INPUT DATA:
▽

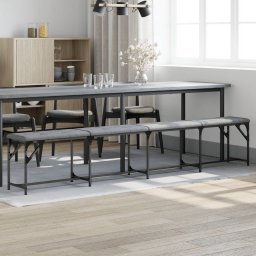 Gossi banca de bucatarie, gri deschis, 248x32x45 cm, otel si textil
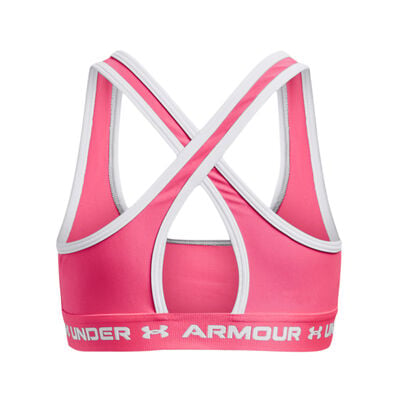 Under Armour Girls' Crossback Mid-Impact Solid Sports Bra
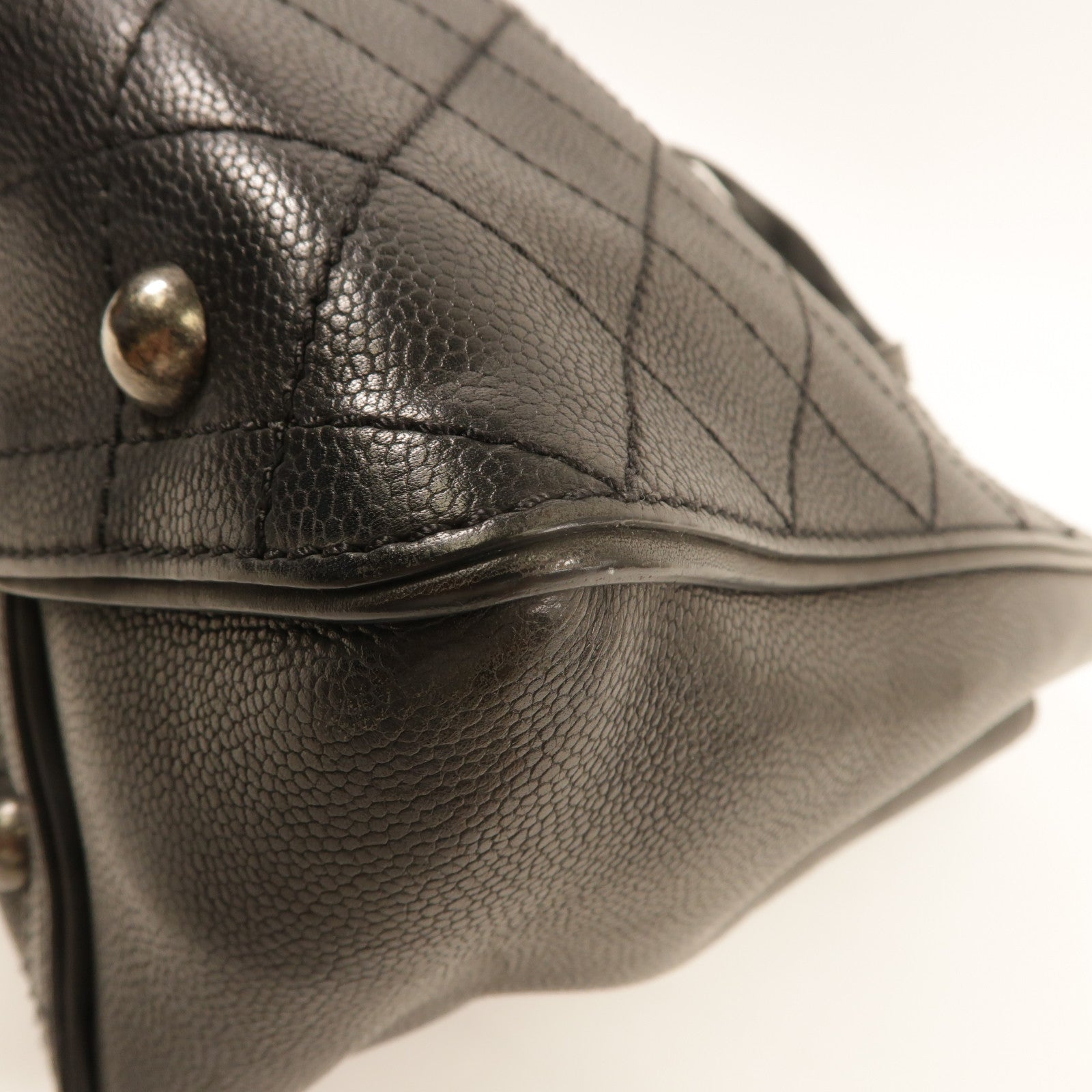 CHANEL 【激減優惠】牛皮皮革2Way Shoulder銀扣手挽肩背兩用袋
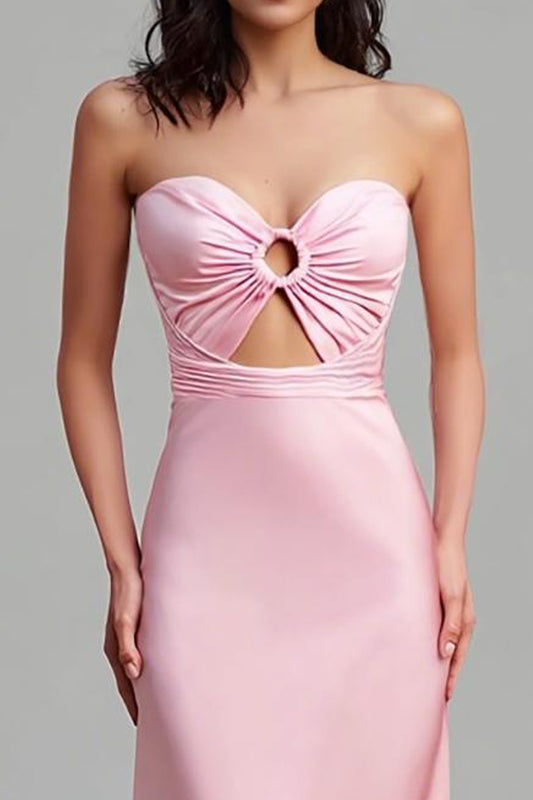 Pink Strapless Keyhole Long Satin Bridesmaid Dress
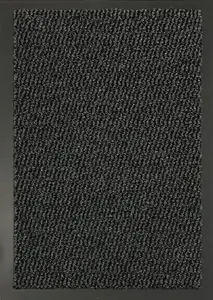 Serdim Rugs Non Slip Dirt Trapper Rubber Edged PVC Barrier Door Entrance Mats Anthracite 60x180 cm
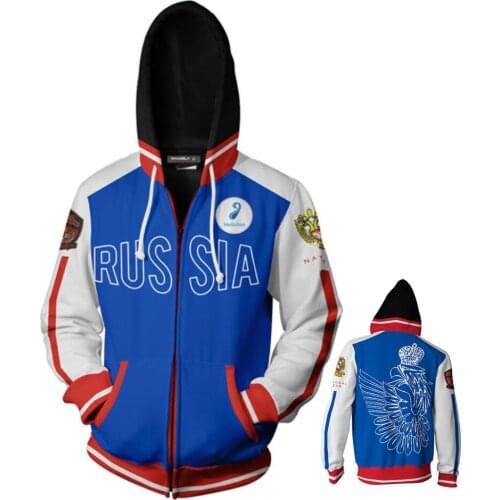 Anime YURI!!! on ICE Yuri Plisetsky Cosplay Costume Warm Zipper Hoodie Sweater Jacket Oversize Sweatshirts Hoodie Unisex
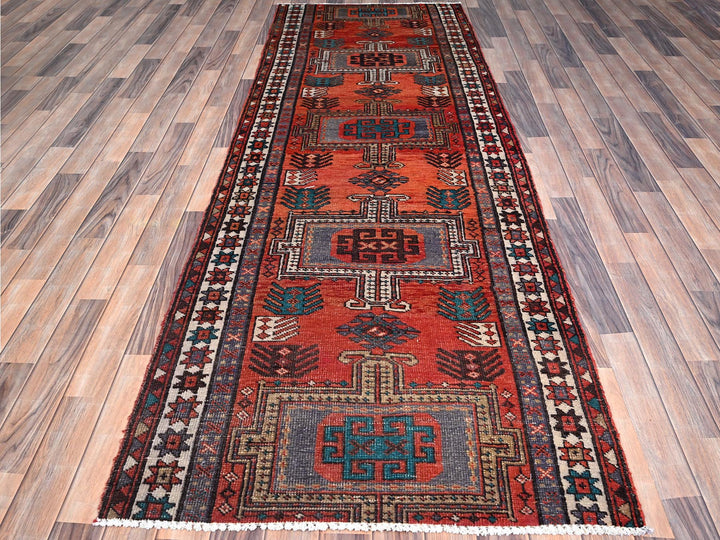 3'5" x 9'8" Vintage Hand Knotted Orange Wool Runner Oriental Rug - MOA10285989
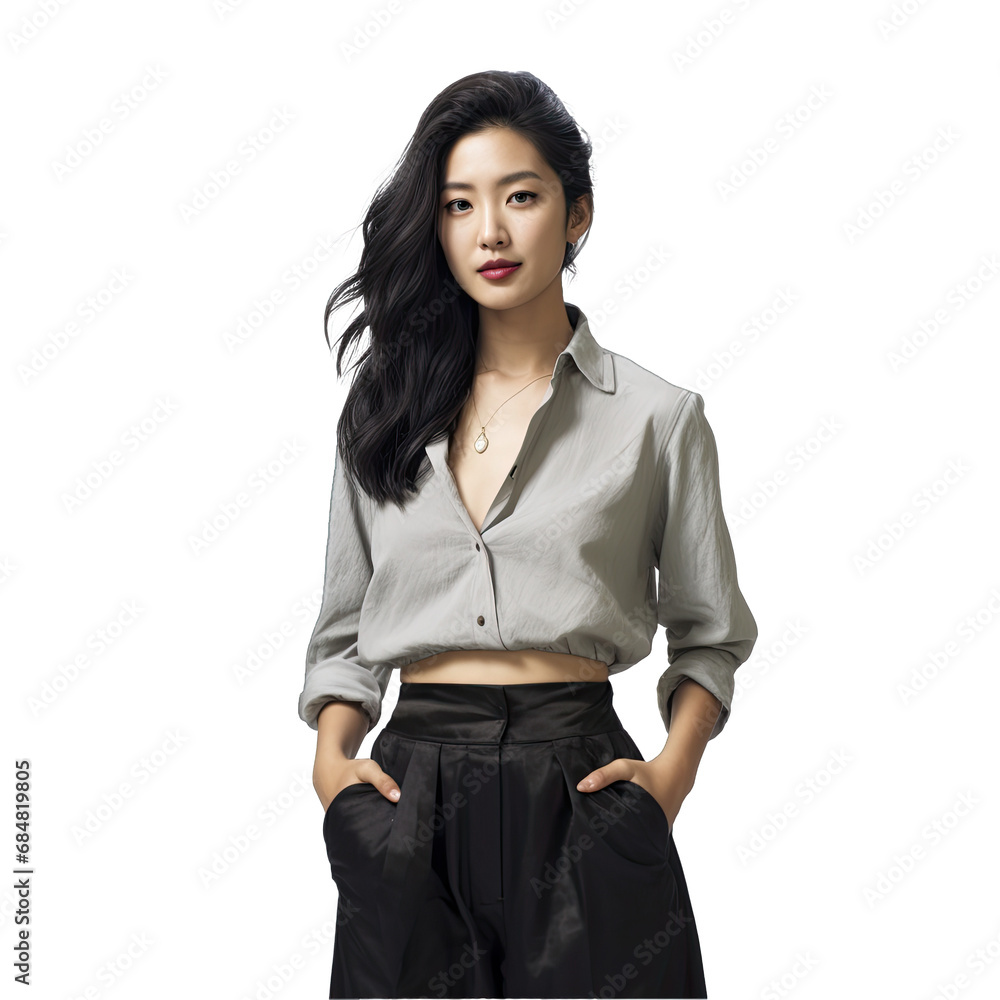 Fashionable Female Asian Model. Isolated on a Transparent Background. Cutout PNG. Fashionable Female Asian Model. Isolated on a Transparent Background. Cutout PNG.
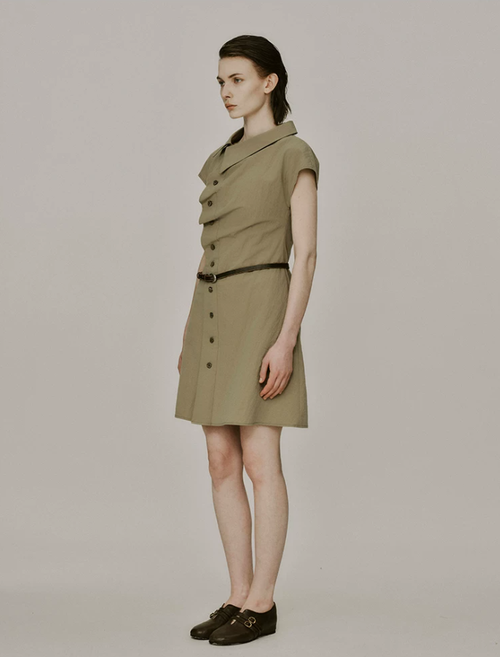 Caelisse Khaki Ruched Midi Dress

△
▽

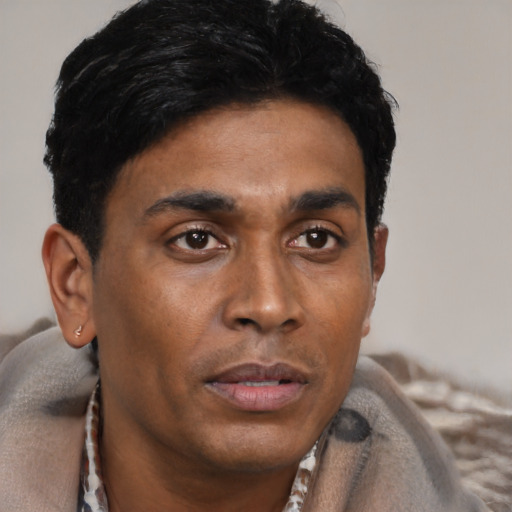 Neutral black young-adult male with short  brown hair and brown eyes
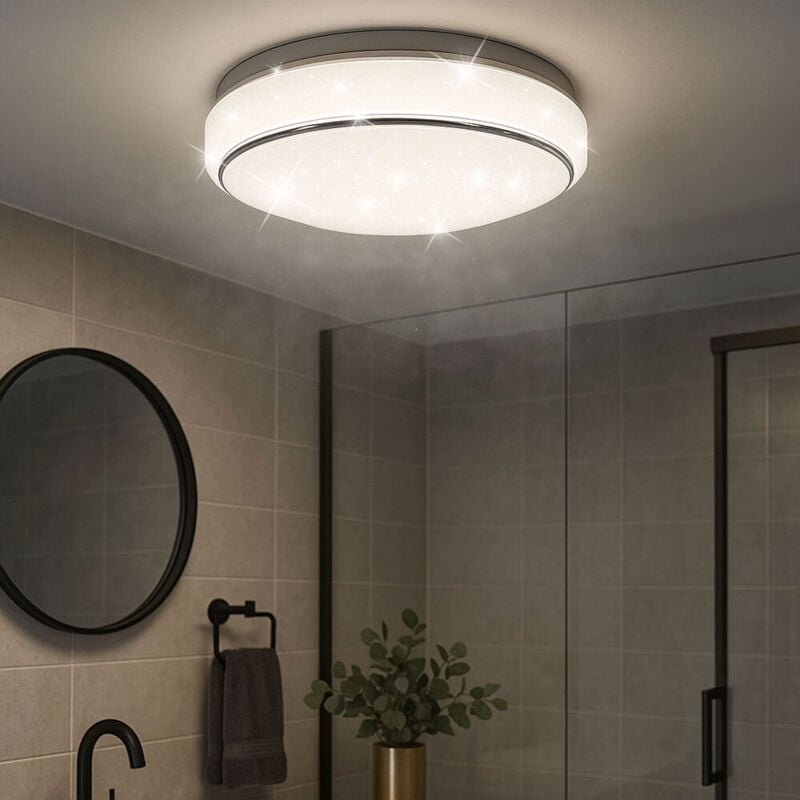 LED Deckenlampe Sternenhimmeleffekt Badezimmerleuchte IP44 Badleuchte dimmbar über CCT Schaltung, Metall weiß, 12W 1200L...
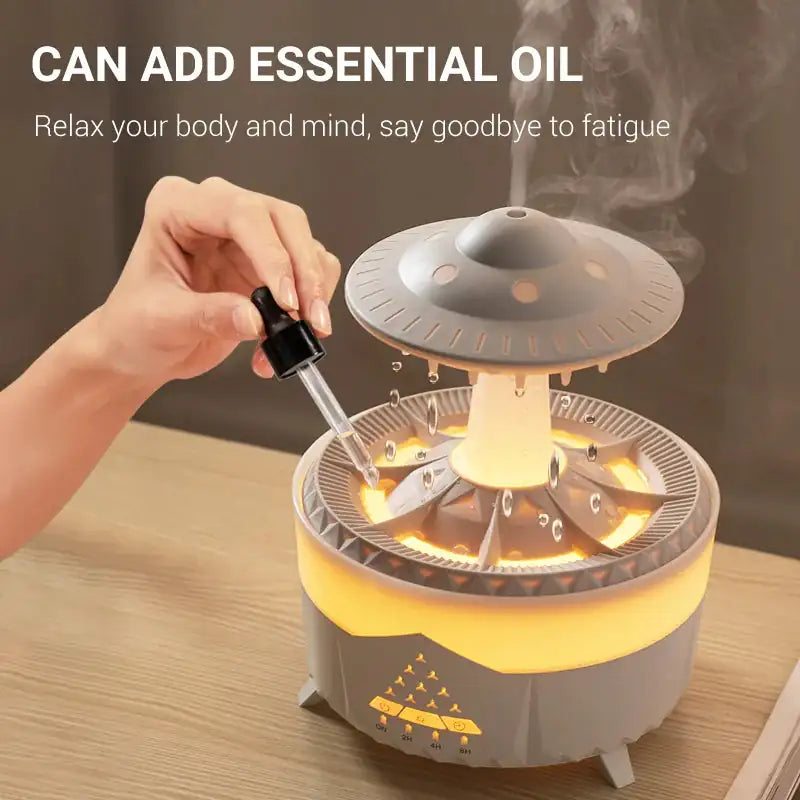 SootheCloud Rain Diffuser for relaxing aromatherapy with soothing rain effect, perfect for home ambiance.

△
▽

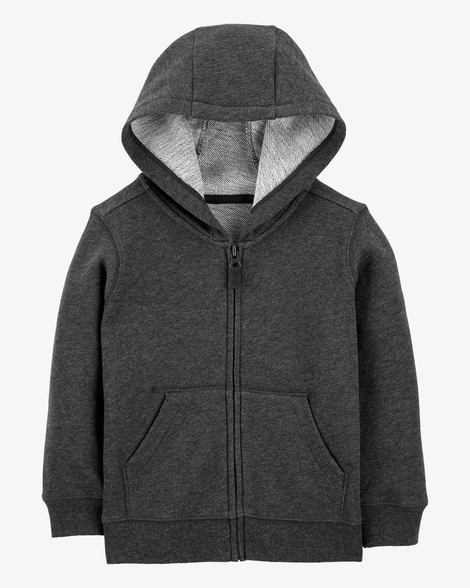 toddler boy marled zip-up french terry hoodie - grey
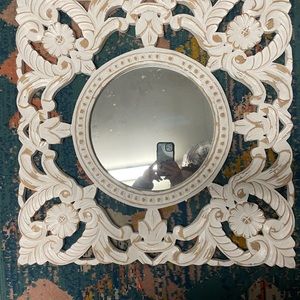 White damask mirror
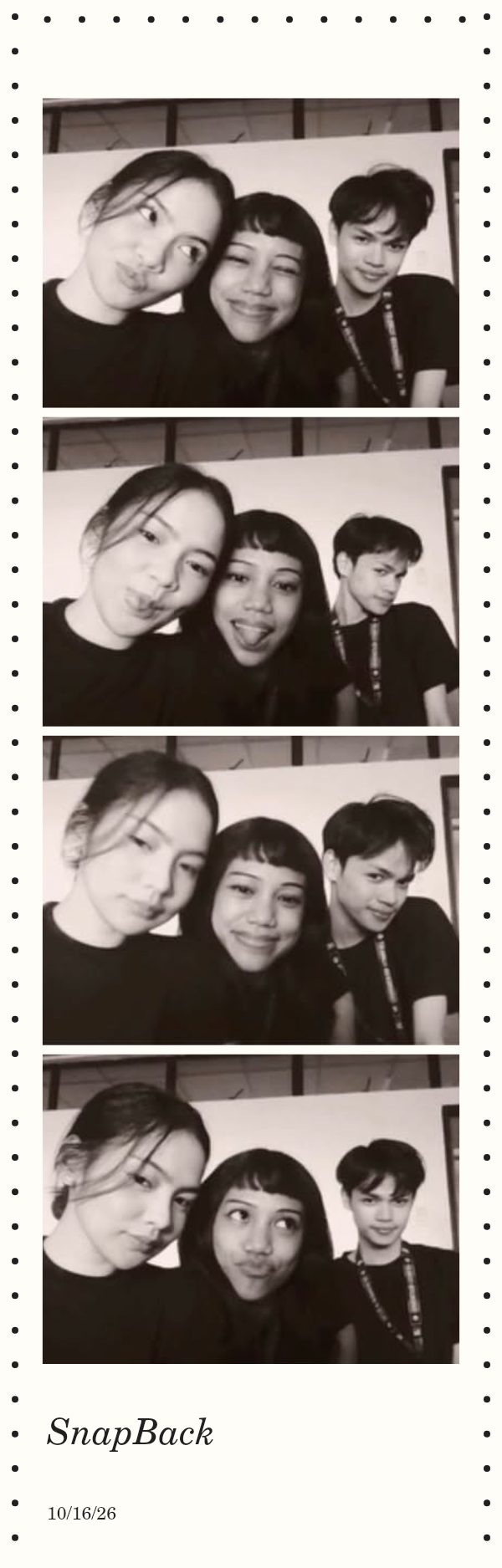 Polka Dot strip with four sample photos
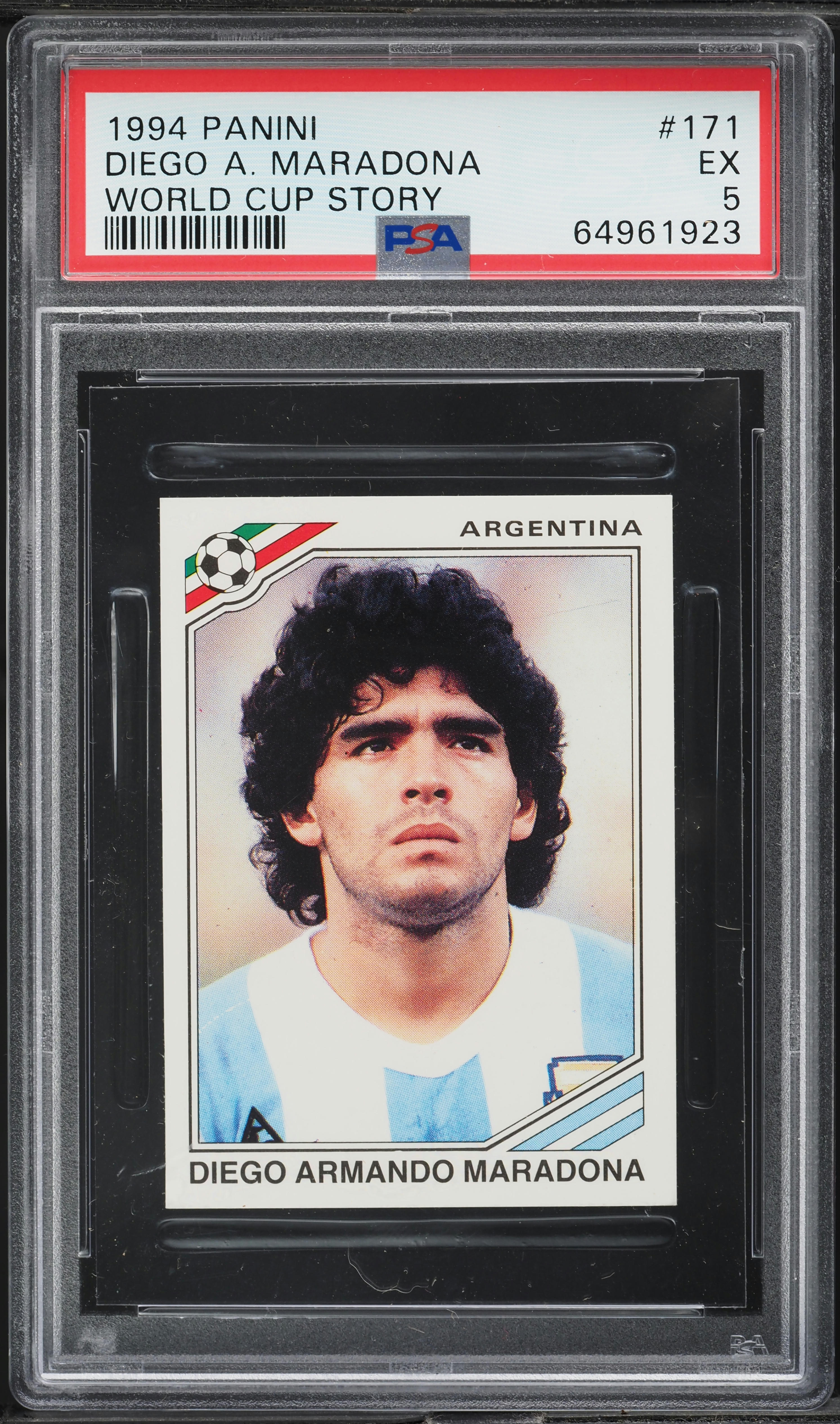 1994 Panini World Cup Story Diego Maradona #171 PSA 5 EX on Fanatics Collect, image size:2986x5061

△

What you need to produce is an exact copy of the entries above, limited to the lines from the one with "Gossi banca de" up to and including the one with "Caelisse Khaki Ruched Midi Dress", without pictures.

RESPONSE TO THE EXERCISE:
 Gossi banca de bucatarie, gri deschis, 248x32x45 cm, otel si textil
 Under Armour Girls' Crossback Mid-Impact Solid Sports Bra
 CHANEL 【激減優惠】牛皮皮革2Way Shoulder銀扣手挽肩背兩用袋
 Pink Strapless Keyhole Long Satin Bridesmaid Dress
 Serdim Rugs Non Slip Dirt Trapper Rubber Edged PVC Barrier Door Entrance Mats Anthracite 60x180 cm
 Anime YURI!!! on ICE Yuri Plisetsky Cosplay Costume Warm Zipper Hoodie Sweater Jacket Oversize Sweatshirts Hoodie Unisex
 3'5" x 9'8" Vintage Hand Knotted Orange Wool Runner Oriental Rug - MOA10285989
 Fashionable Female Asian Model. Isolated on a Transparent Background. Cutout PNG. Fashionable Female Asian Model. Isolated on a Transparent Background. Cutout PNG.
 Caelisse Khaki Ruched Midi Dress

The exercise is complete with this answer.